==== SUPPLIED DATA ====

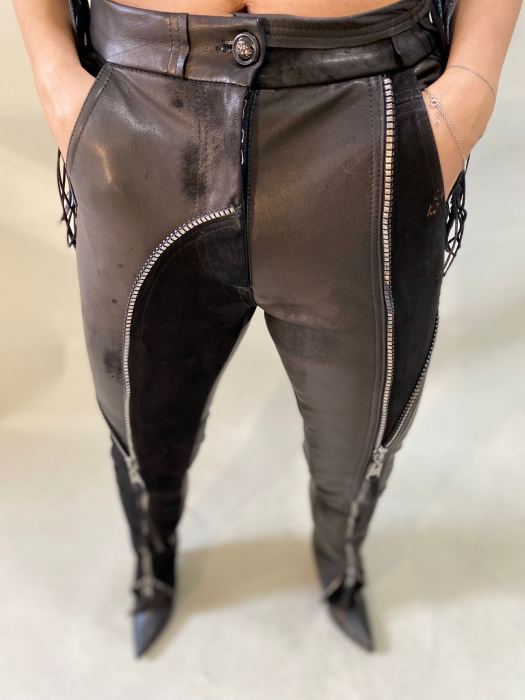 Pantalon negru din piele naturala accesorizat cu fermoare masive [8]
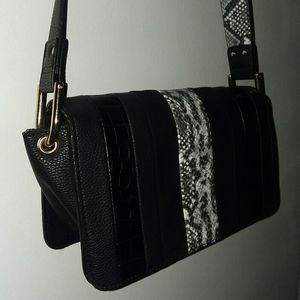 Black & White Snake-Print Shoulder Bag
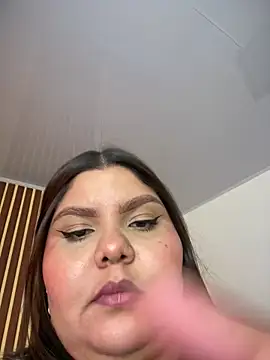  Shara Handal  online show from 04/15/26, 11:39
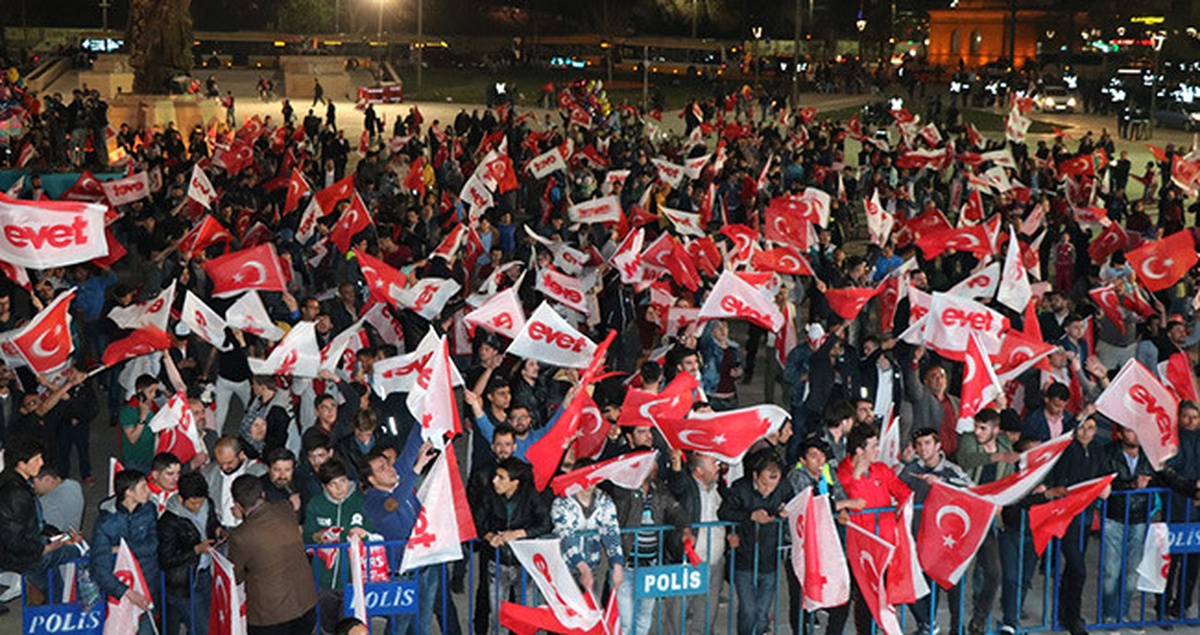 Halk Oylaması Sonuçları Kutlanıyor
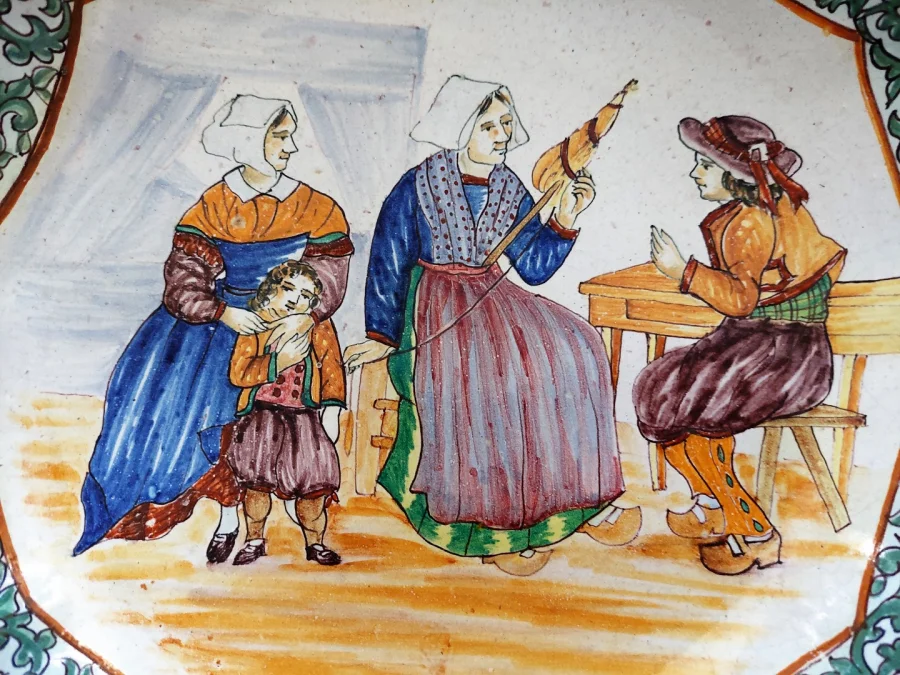 DISH signed  Malicorne Pouplard Beatrix
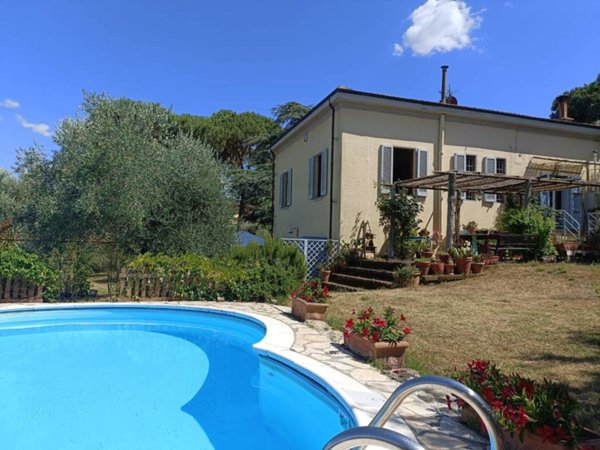 casa indipendente in vendita a Terricciola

====

[WHAT YOU WILL DO]:
Extract exactly the lines above from the line containing "Black & White Snake-Print Shoulder Bag" through the last one, both ends included, but not the pictures.

[PROBLEM SOLUTION]:
 Black & White Snake-Print Shoulder Bag
  Shara Handal  online show from 04/15/26, 11:39
 Halk Oylaması Sonuçları Kutlanıyor
 DISH signed  Malicorne Pouplard Beatrix
 casa indipendente in vendita a Terricciola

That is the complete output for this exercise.